=== Work required ===
Every line from the one holding "Goobay USB-C PD" through the last line of the records must be retyped exactly, and no other line or picture may appear in the copy.

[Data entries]
BEGIN

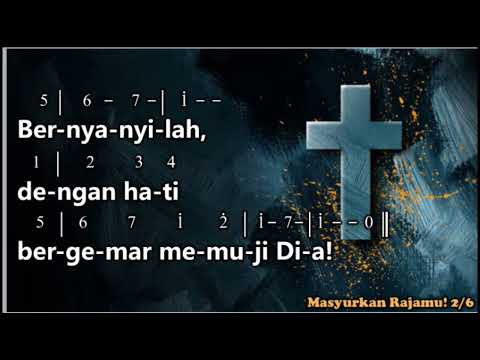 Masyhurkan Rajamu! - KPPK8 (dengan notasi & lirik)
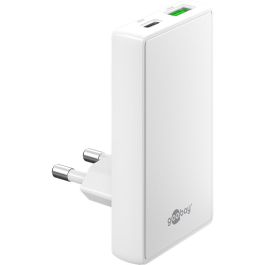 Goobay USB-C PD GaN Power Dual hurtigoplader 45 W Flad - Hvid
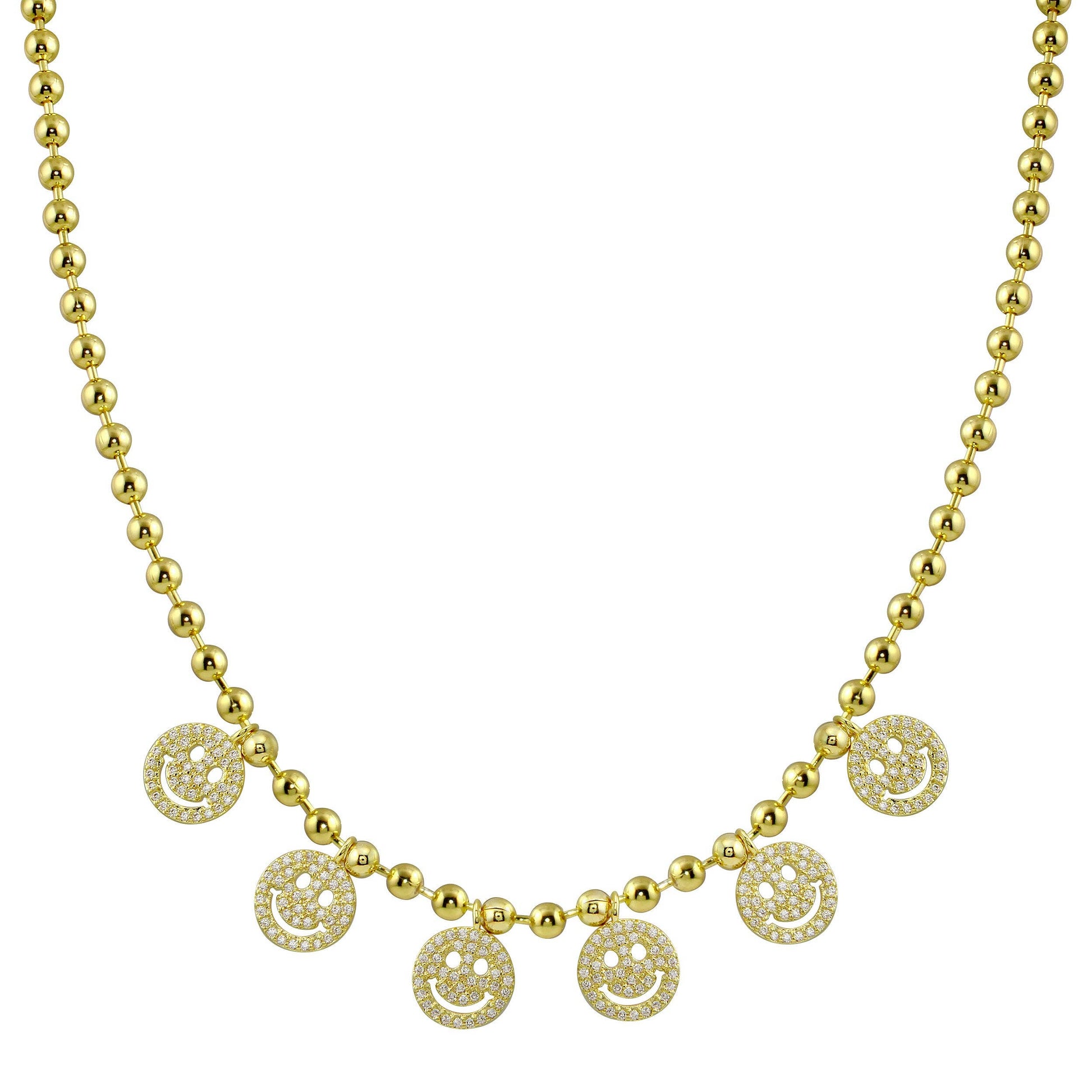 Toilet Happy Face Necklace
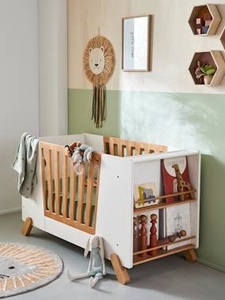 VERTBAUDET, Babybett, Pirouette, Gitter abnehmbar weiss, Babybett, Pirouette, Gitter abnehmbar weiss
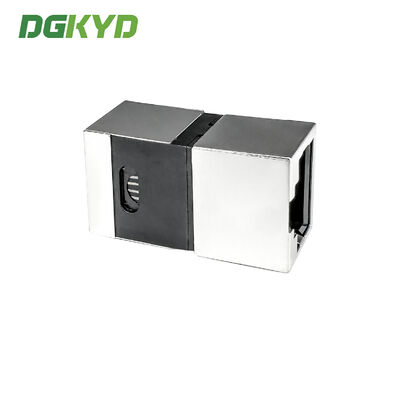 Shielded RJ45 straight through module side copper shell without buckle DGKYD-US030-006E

END

=== Exercise response ===
 Goobay USB-C PD GaN Power Dual hurtigoplader 45 W Flad - Hvid
 Toilet Happy Face Necklace
 VERTBAUDET, Babybett, Pirouette, Gitter abnehmbar weiss, Babybett, Pirouette, Gitter abnehmbar weiss
 Shielded RJ45 straight through module side copper shell without buckle DGKYD-US030-006E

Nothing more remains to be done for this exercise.